Can GPUs be used with Gaussian on Orion?¶
The short answer: no.
This decision was made by considering the cost increase and availability of GPUs on Orion compared with the expected time savings. For now, this trade-off does not seem to be worthwhile. This may change in future releases. If you need GPUs for your Gaussian calculations, please contact support@eyesopen.com.
How should files for the Run Gaussian Input File Floe be created and organized?¶
The Gaussian QM Run Input Files Floe looks for Gaussian input files with .com or .gjf extensions. This floe can also take tar or zip files with multiple input directories. The floe can also accept multiple files of any type as input. Tar files with no compression or zip, gzip, bzip2, or lzma compression can be processed. In case of multiple .com or .gjf Gaussian files, you can keep all the files in the main directory or any organization of subdirectories before archiving.
When there are multiple input files in the same directory, a new subdirectory will be created for each file with the same name as the file. If duplicate files or directories are found when parsing all input to the floe, an integer will be added to the end of the subdirectory name in order to reduce the risk of lost data. However, this could cause confusion when analyzing the output, so it is best practice to make sure all Gaussian input files have unique names, even if multiple archives are passed to the same floe.
The output from all calculations in one job will be saved to a single output file.

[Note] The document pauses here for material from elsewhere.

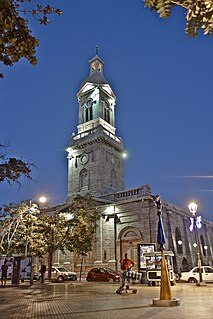 Our Lady of Mercy Cathedral, La Serena Church in La Serena, Chile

The output files must be tar files with or without compression. The type of tar file is determined by the extension. If an unsupported extension is provided, a tar file without compression will be created (that is, if the output file is named Gaussian_output.zip, Gaussian_output.tar is created instead).
Why did the Gaussian input file change after running on Orion?¶
When running Gaussian files on Orion, those files are validated in a number of ways, some of which may result in the file being changed. Any references to memory, thread counts, or disk space in the input file are compared to the hardware requirements requested for the floe. If more memory, disk space, or threads are specified in the input file, the calculation will fail.
There is only one situation where an input file could be changed. If an input file specifies a path to any of the Gaussian output files, then those paths are reset. There is limited write access for cubes on Orion, so output file paths are reset to be written to the directory where the calculation was run. This means those files will be included in the output.
What should you know before running a large calculation with a Gaussian input file?¶
The ability to run a Gaussian calculation with any input file allows for flexible calculations. However, the default hardware requirements for this floe were set to the same levels as the Single Point Energy and Geometry Optimization Floes. That is, they should be sufficient for DFT calculations on most drug molecules (<50 heavy atoms) with relatively small basis sets (such as B3LYP/6-31G*). When running calculations with larger molecules or higher levels of theory, keep a close eye on the metrics on Orion..
It is also best practice to always save your
checkpoint file
by adding the line %chk=[filename].chk
to your input file.
These files save the state of your system and are useful for
restarting a calculation
when necessary.